O projeto ‘Moda Circular – O Início de um Novo Ciclo para a Indústria da Moda’, fruto de uma parceria entre o SENAI CETIQT e a Laudes Foundation, tem promovido ações extremamente importantes que nos mostram o cenário da transição da moda brasileira para um modelo mais circular de produção e consumo. Dentro desse projeto acompanhamos, recentemente, inciativas como a live na qual foram debatidas as questões do projeto A História que a Moda Não Conta, idealizado pela designer e consultora Julia Vidal, com relação a uma necessária reformulação no vocabulário para tornar o meio menos afeito a estrangeirismos dando ênfase a uma linguagem baseada na nossa brasilidade, história, ancestralidade, aí incluídos hábitos e costumes. Só para vocês terem ideia sintam a importância da reflexão proposta pelo designer residente da Casa de Criadores, Rafael Silvério: ‘O quanto o termo pretinho básico ainda reforça uma ideia de colonização? Quando uma mulher branca diz isso nesse país, que foi o último a abolir a escravidão, será que está falando mesmo do vestido preto do midi acinturado de Givenchy? Ou há traços de racismo nessa expressão?’. Bom, lá no Youtube do SENAI CETIQT, você ainda pode conferir este debate.
E para a nossa alegria foi promovido um segundo encontro virtual, conectando todos os integrantes da cadeia produtiva da moda, do universo acadêmico e os apaixonados pelo tema. Desta vez, A História que a Moda não Conta lançou luz sobre uma moda plural, que respeita e incentiva a criatividade a partir da diversidade de povos e culturas e o que está sendo feito para uma conexão entre os espaços de Educação. Alinhavando as conversas, Julia Vidal, mestre em Relações Étnico-Raciais, que desenvolve consultorias e conteúdo de educação que valorizam a diversidade e a cultura brasileiras através da marca Julia Vidal Etnias Culturais. Pudemos conferir as perspectivas africana, a partir do olhar de Mohammed Yassin, da Costa do Marfim, e doutor em Letras pela USP; indígena, por Dilmar Puri, idealizador da Universidade Indígena Pluriétnica Aldeia Marakanà e mestrando em Relações Étnico-Raciais, e afro-brasileira por Daise Rosas Natividade, da ENAFRO (escola que fortalece o afroempreendedorismo) e Afreaka Brasil Fashion Business.

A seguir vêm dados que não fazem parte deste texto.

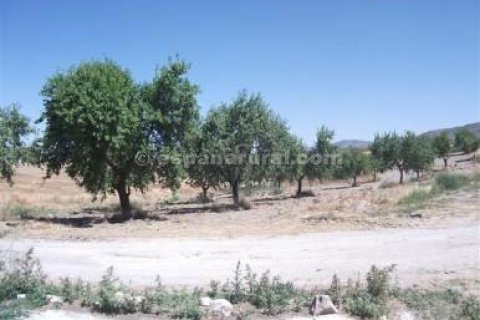 Māja pārdošanā Baza, Granada, Spānijā 3 istabas, 100 m2 Nr. 184190 - attēls 8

Julia Vidal abriu os trabalhos falando sobre uma formação de moda enriquecida de brasilidade partir da pluriculturalidade. “Desde 2003 foi promulgada a Lei 10.639, que trata do ensino de história e cultura afro-brasileira. Essa lei foi ampliada em 2008 para o ensino e cultura afro-brasileira e indígena. Estou ressaltando um assunto com 18 anos de história, mas que ainda tem muitos desafios para a sua implementação desse conhecimento na moda. Desde a formação até a questão de como isso vai se refletir nas práticas da produção com a formação de “sementes”, os alunos são sementes de transformação da moda brasileira”.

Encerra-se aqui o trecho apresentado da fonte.